[WORK REQUIRED]
Could you write out the listing below exactly as it stands, leaving out the pictures?

[STORED DATA]
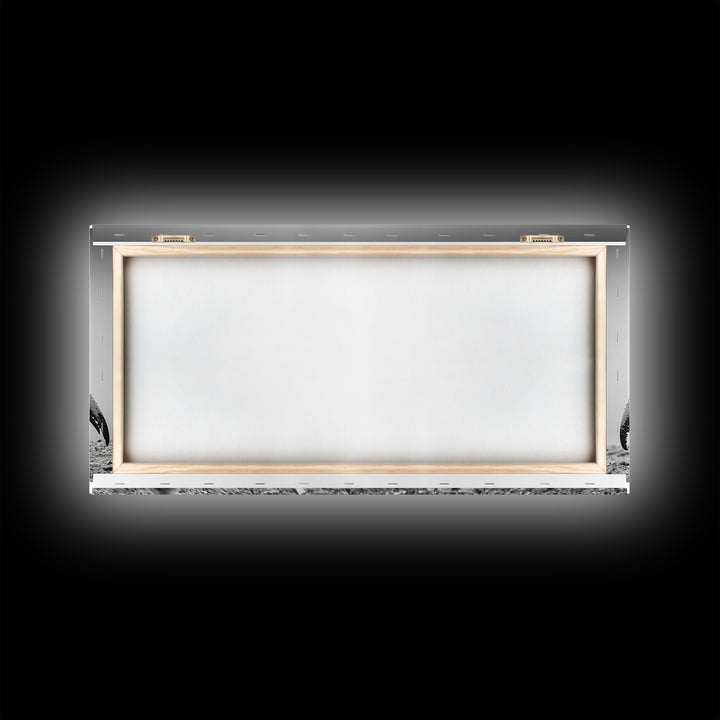 Crab Art, Beach Creature, Monochrome Photography, Nature Close-Up, Framed Canvas Print, Coastal Bathroom Art, Marine Home Style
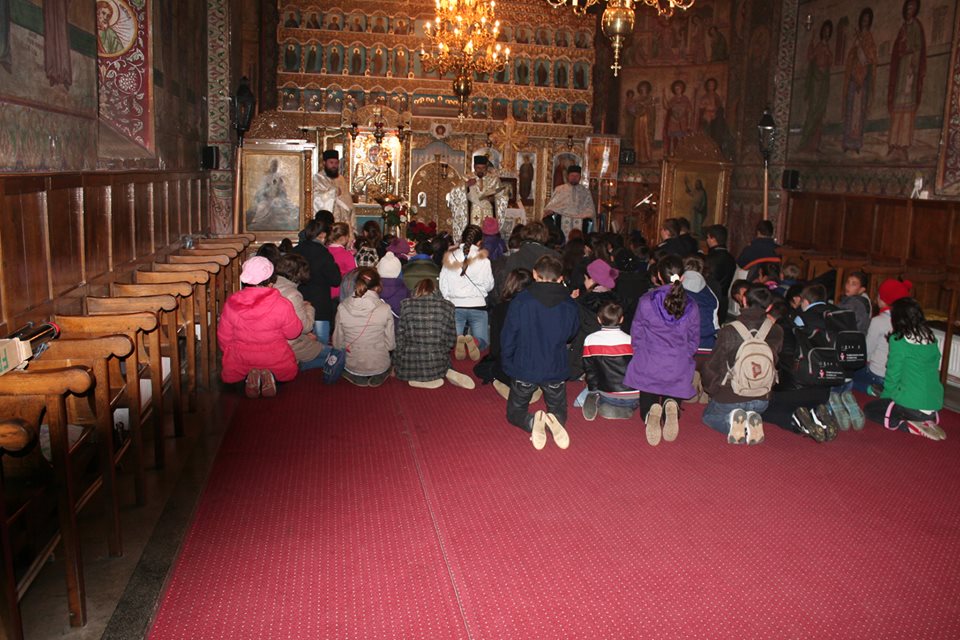 Verde la SOCIalizare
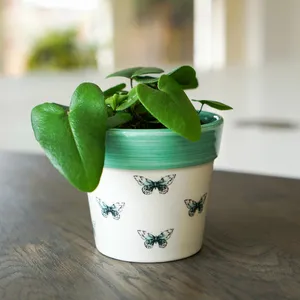 Ivyline Butterfly Cacti Planter - Small - image 1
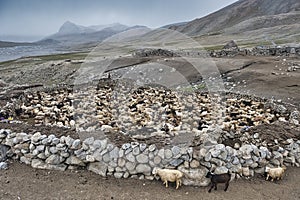 Shimshali people go grazing with the sheep, goats and yaks. They raise and graze at an altitude of over 5600m because there are on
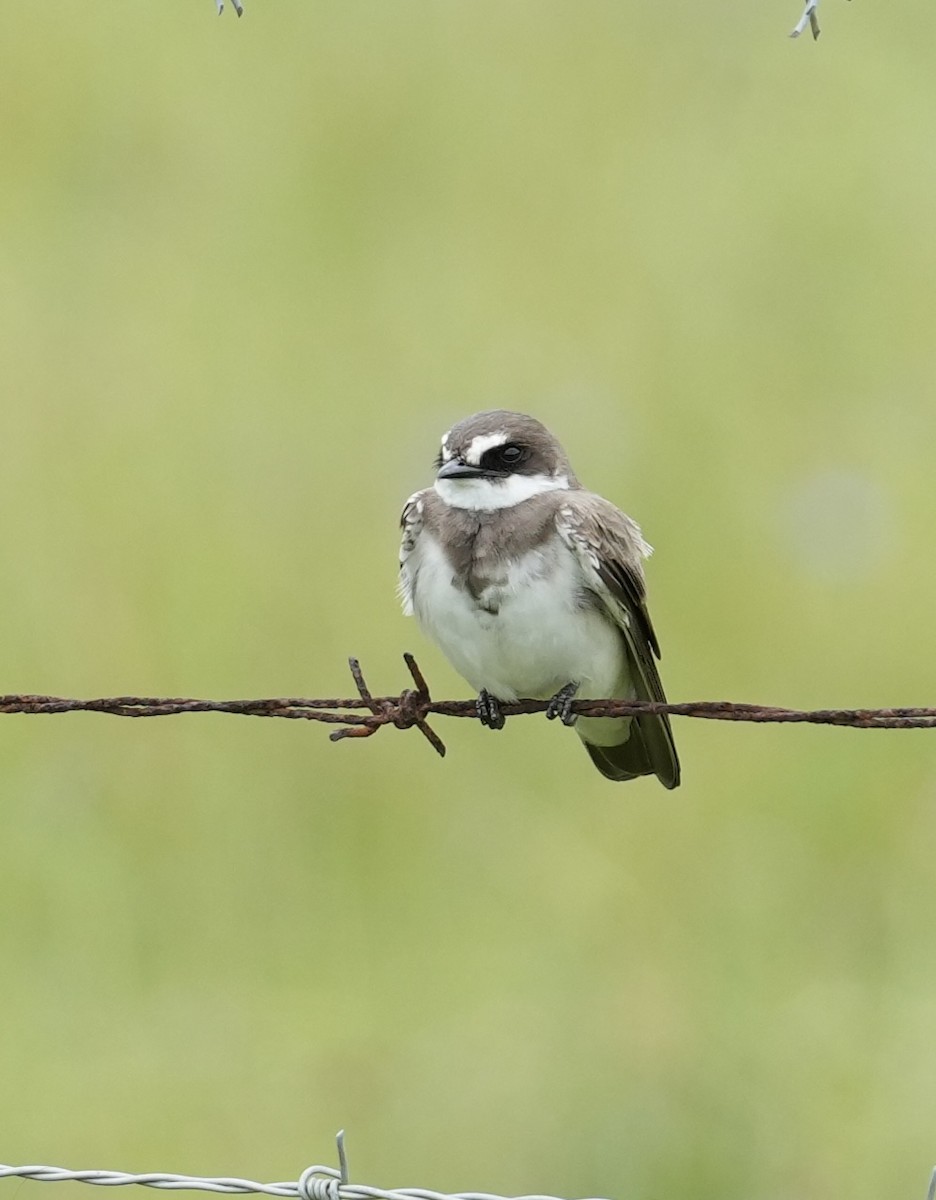 Banded Martin - ML646888181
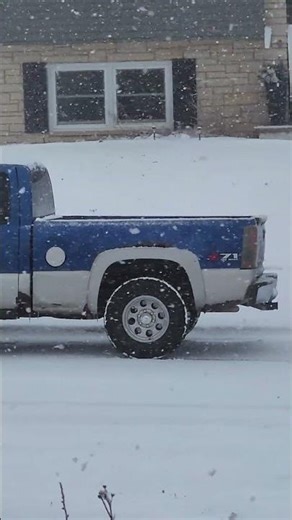 perfect day for cleaning reptile tanks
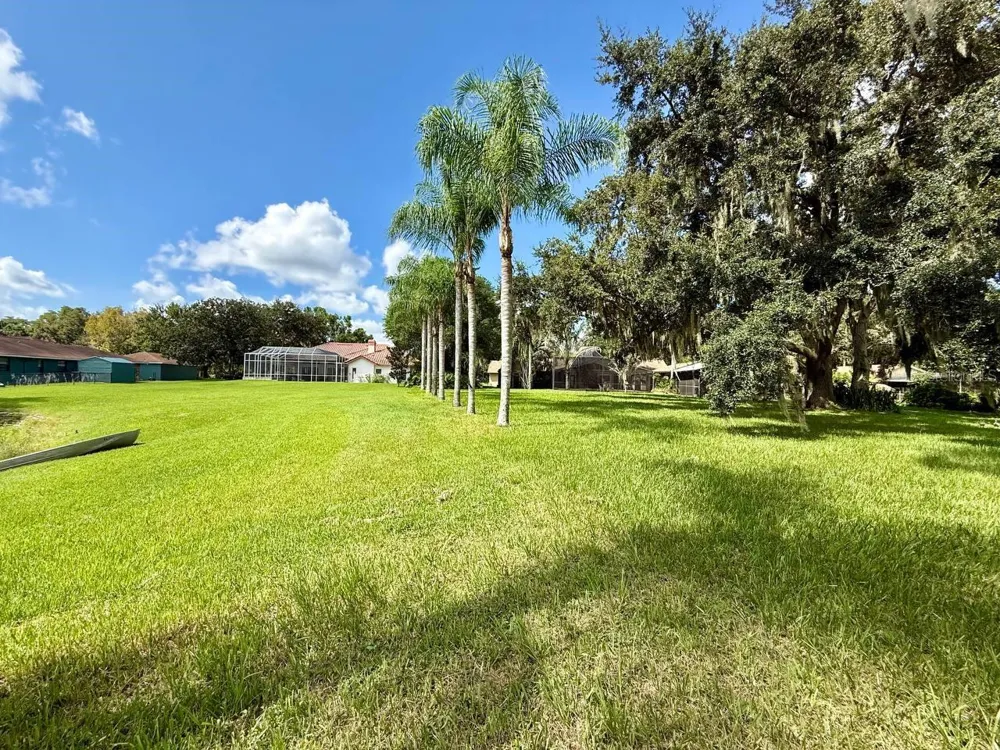 1103 BALLINGER ROAD Lutz, FL 33548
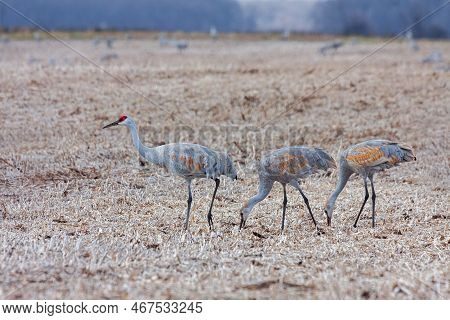 A Flock Of Sandhill Cranes Eating In A Cornfield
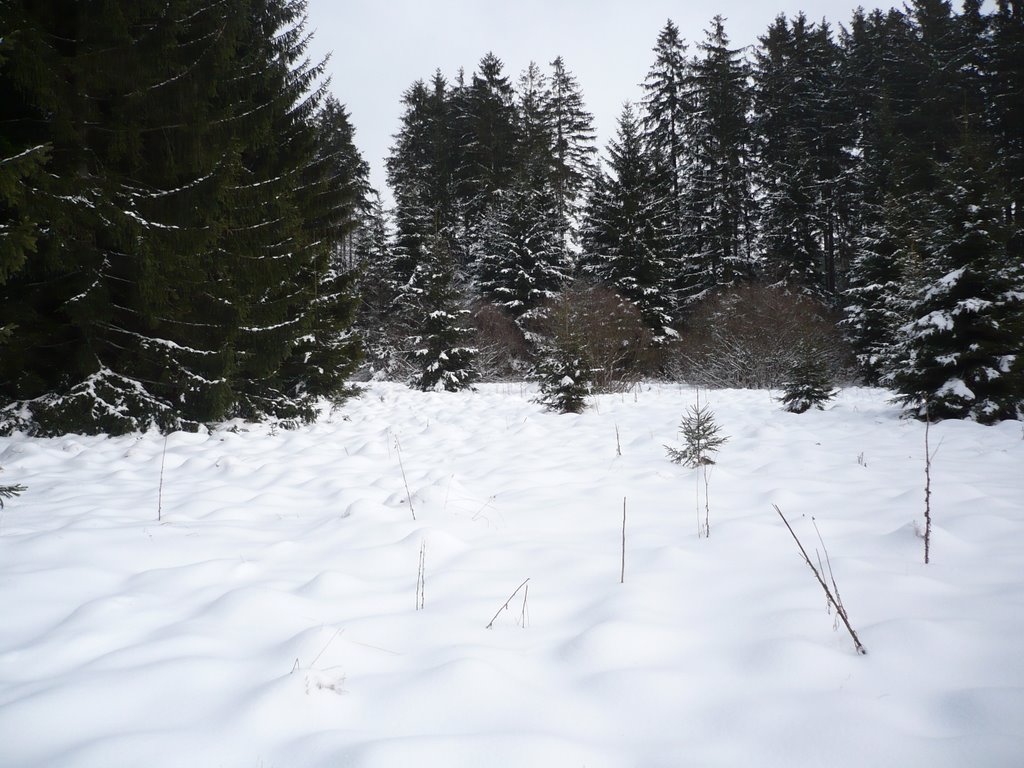 592 04 Fryšava pod Žákovou horou, Czech Republic by pilnaj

[ANSWER TO THIS TASK]
 Crab Art, Beach Creature, Monochrome Photography, Nature Close-Up, Framed Canvas Print, Coastal Bathroom Art, Marine Home Style
 Verde la SOCIalizare
 Ivyline Butterfly Cacti Planter - Small - image 1
 Shimshali people go grazing with the sheep, goats and yaks. They raise and graze at an altitude of over 5600m because there are on
 Banded Martin - ML646888181
 perfect day for cleaning reptile tanks
 1103 BALLINGER ROAD Lutz, FL 33548
 A Flock Of Sandhill Cranes Eating In A Cornfield
 592 04 Fryšava pod Žákovou horou, Czech Republic by pilnaj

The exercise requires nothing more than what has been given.